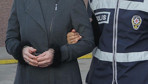 Kocaeli'de FETÖ operasyonunda 9 şüpheli yakalandı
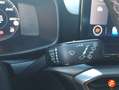 CUPRA 1.5 eTSI 110kW (150CV) DSG Gris - thumbnail 20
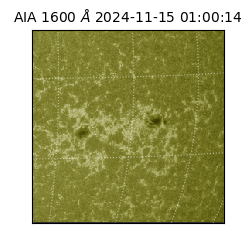 saia - 2024-11-15T01:00:14.125000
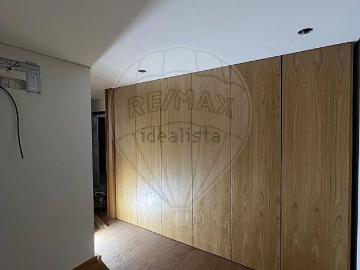 Stª Maria Avioso, Castêlo da Maia, Maia, Distrito de Porto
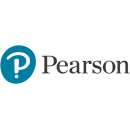 Pearson discount code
=====
● EXERCISE: Skipping every picture, reproduce the records word for word.

● FINAL ANSWER:
 Kocaeli'de FETÖ operasyonunda 9 şüpheli yakalandı
 CUPRA 1.5 eTSI 110kW (150CV) DSG Gris - thumbnail 20
 saia - 2024-11-15T01:00:14.125000
 Stª Maria Avioso, Castêlo da Maia, Maia, Distrito de Porto
 Pearson discount code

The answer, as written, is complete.